The Supreme Court’s health care decision: What it does—and does not—mean

Anthony Komaroff, MD

Editor in Chief, Harvard Health Letter

The passage of the Patient Protection and Affordable Care Act (which I’ll just call the Law) in 2010 was regarded as a landmark event in U.S. history. Today’s ruling by the Supreme Court, which largely upholds the Law, should also be viewed as a landmark event—whether one agrees with it or not.

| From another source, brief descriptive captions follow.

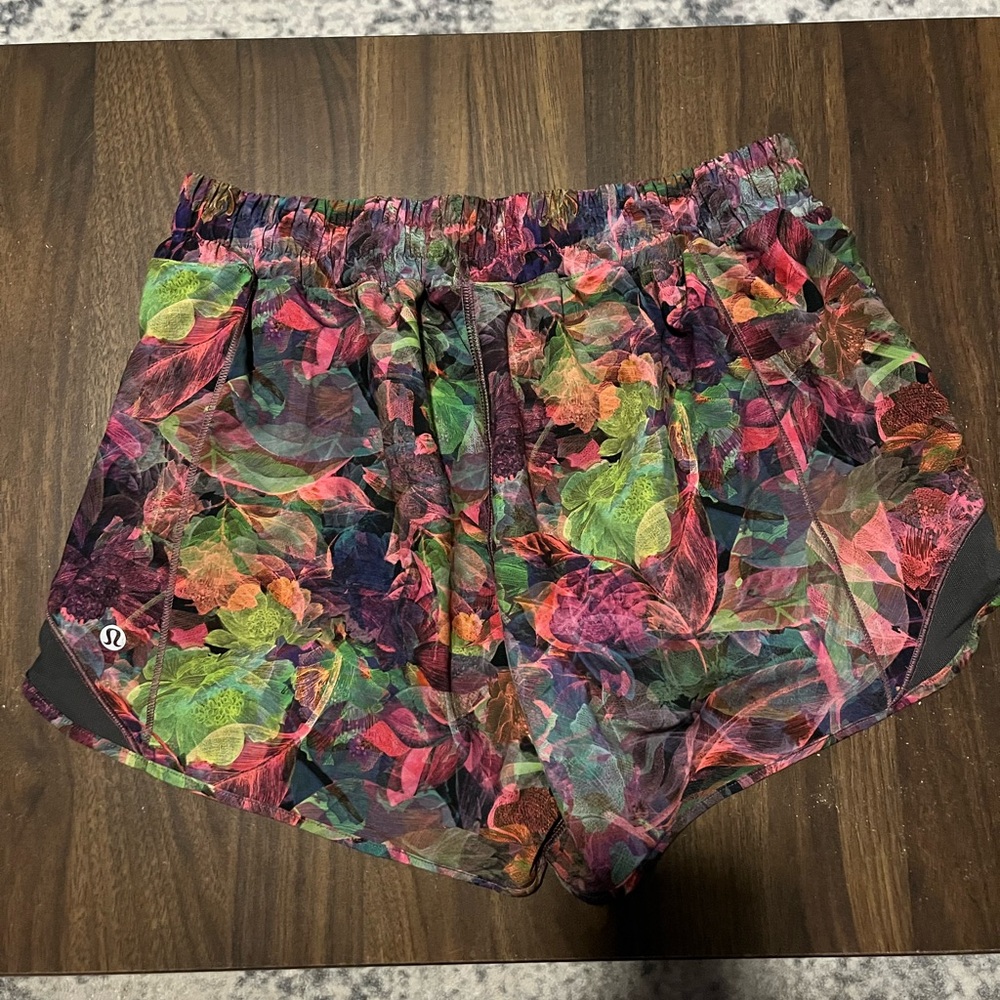 Lululemon Hotty Hot Shorts - Picture 5 of 8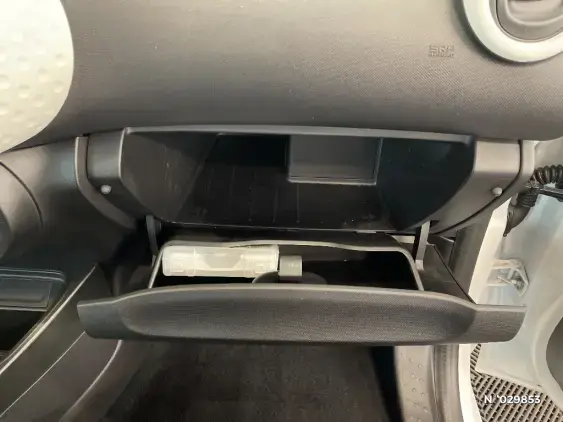 RENAULT TWINGO ELECTRIQUE III - voiture d'occasion - Photo 34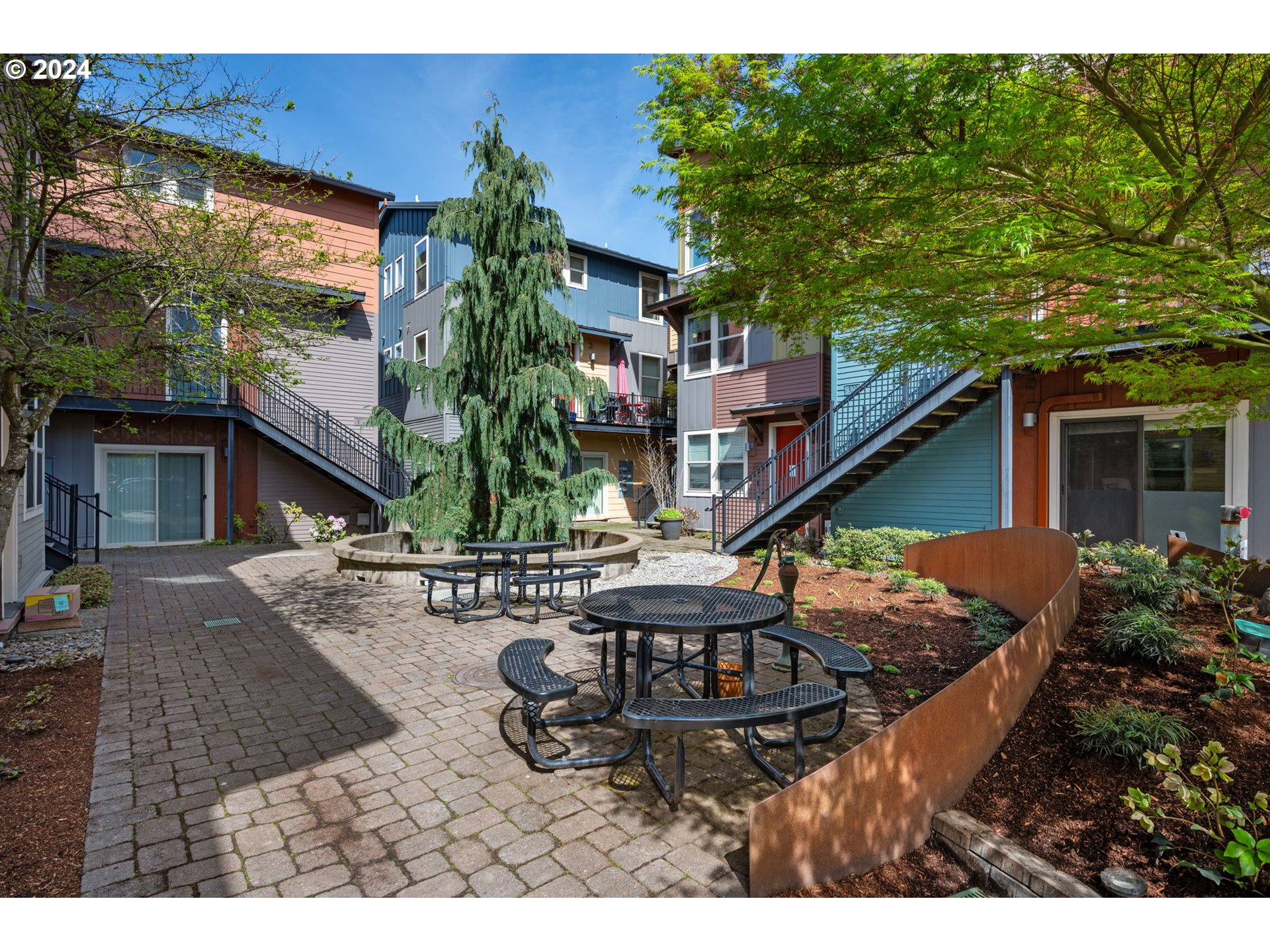 4329 Southeast Division Street, Unit A Portland, OR 97206 - Photo 24 of 29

Why? Three reasons: Everyone wants health care when they need it. Everyone wants to be spared financial devastation from the cost of that care. And health care accounts for 17% of the total U.S. economy, and is growing at a faster rate than the rest of the economy—putting the rest of the economy under enormous strain.

Before the Law was passed, I saw two huge challenges facing U.S. health care. The first was the fact that so many people did not have health insurance. The second was the high cost of health care.

For decades, the percentage of Americans with health insurance has been lower than in other developed nations. Passage of the Law did not immediately change things. At the time of a survey by the National Center for Health Statistics in 2011, 46 million Americans—15% of the population—had no health insurance. These people lived an automobile accident, a heart attack, or a stroke away from becoming destitute.

Who are they? Relatively few are unemployed adults. People who are chronically unemployed have often been able to get health insurance through Medicaid. In fact, most of the uninsured are working adults whose employers did not provide health insurance. Many are children—often, the children of employed but uninsured adults. A smaller fraction are adults under the age of 65 who are out of the labor force.

Another group of people without health insurance are healthy young adults who have simply decided not to pay for health insurance—and to take their chances. They know that if they become seriously injured or ill, they will receive health care somewhere—effectively paid for by the insurance payments that other people are making. They are “free riders.” In passing the Law, the President and Congress basically said to them, “That’s not fair.”

What does the Supreme Court’s decision mean?

It means many more people will have health insurance. That does not, however, mean universal health insurance will be provided to everyone.

It means that health care will continue to be provided largely by the private sector—private doctors and hospitals. And for people under age 65, it will largely be financed by private insurance companies, not the government. The charge by some that the Law is “socialized medicine” is simply misinformed.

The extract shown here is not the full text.